*** Begin section ***

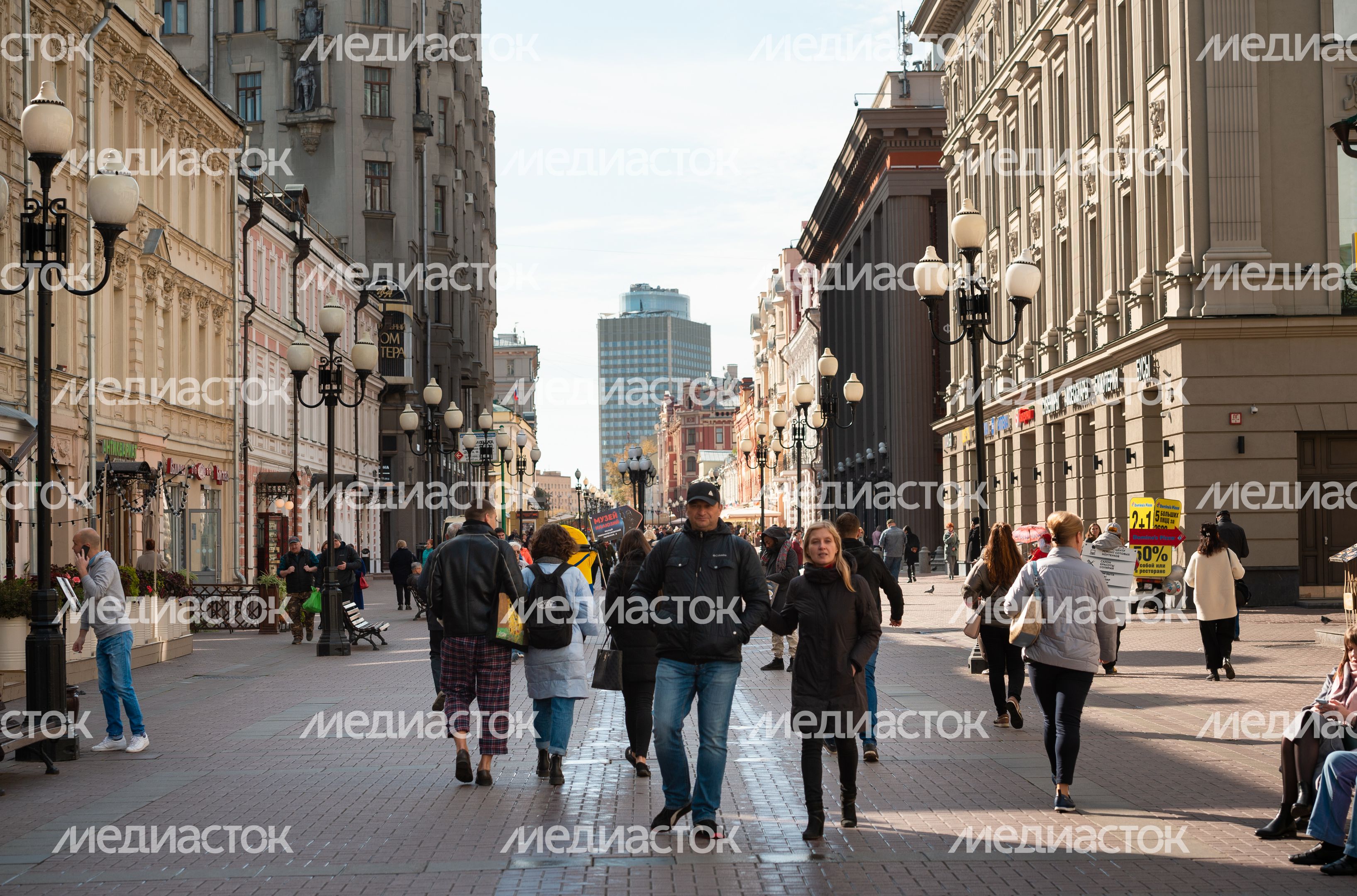 Опрос прохожих на Арбате Опрос прохожих на Арбате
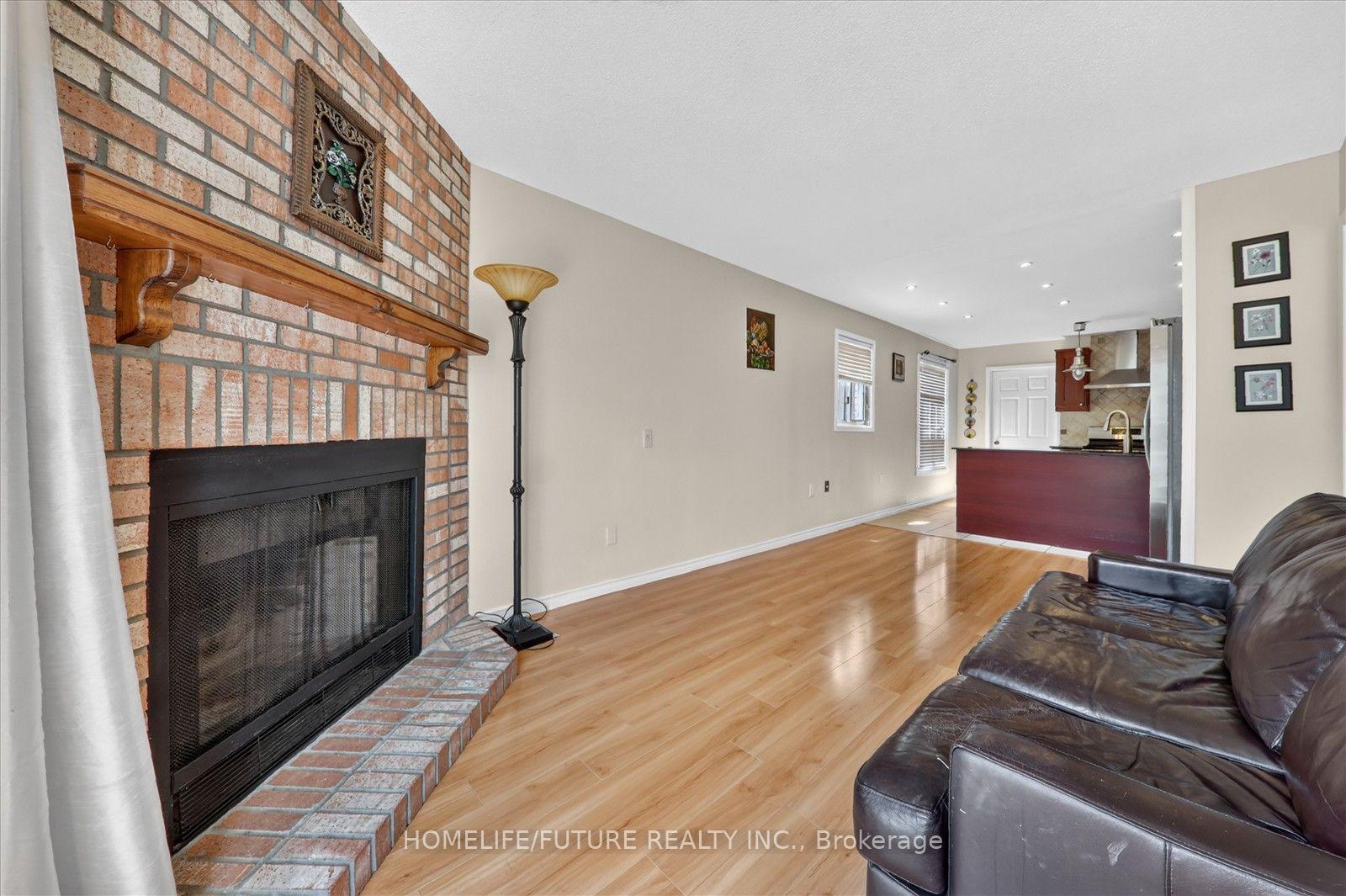 Photo 19 of 63 Chloe Crescent, Markham, Middlefield — HOMEH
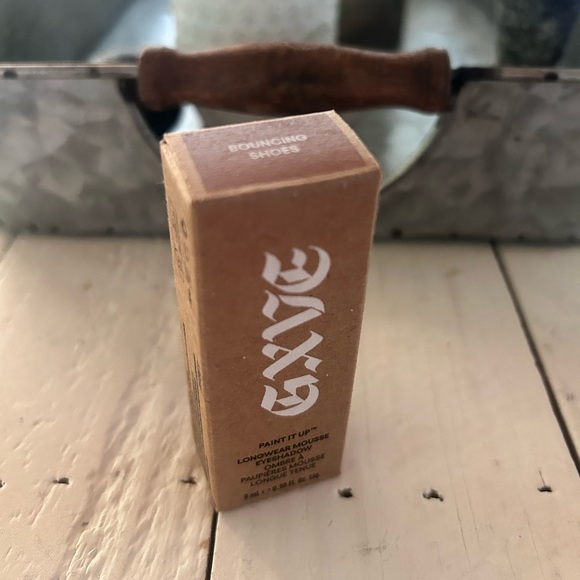 GXVE by Gwen Stefani Paint it Up 24 HR Cream Eyeshadow shade BOUNCING SHOES - Picture 3 of 6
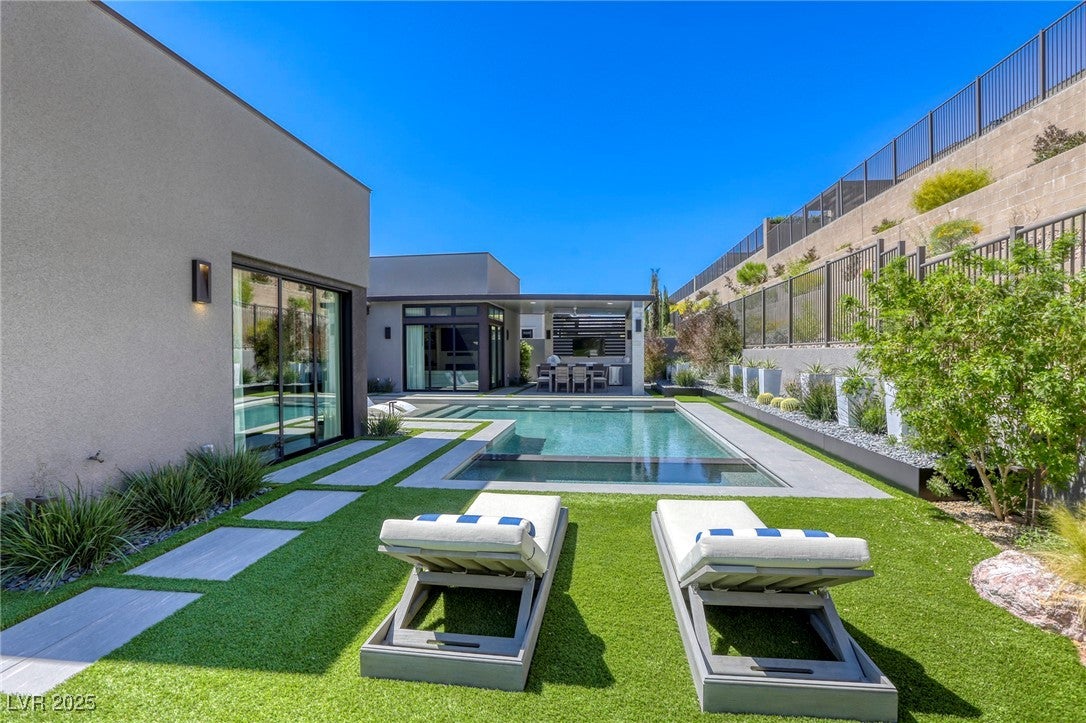 Las Vegas, Nevada, 89138, United States, 3 Bedrooms Bedrooms, ,4 BathroomsBathrooms,Residential,Active,1820837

*** End section ***

* WHAT THIS TASK INVOLVES: Nothing but the pictures is to be left out; repeat the data exactly.

* RESPONSE TO THE TASK:
 Опрос прохожих на Арбате Опрос прохожих на Арбате
 Photo 19 of 63 Chloe Crescent, Markham, Middlefield — HOMEH
 GXVE by Gwen Stefani Paint it Up 24 HR Cream Eyeshadow shade BOUNCING SHOES - Picture 3 of 6
 Las Vegas, Nevada, 89138, United States, 3 Bedrooms Bedrooms, ,4 BathroomsBathrooms,Residential,Active,1820837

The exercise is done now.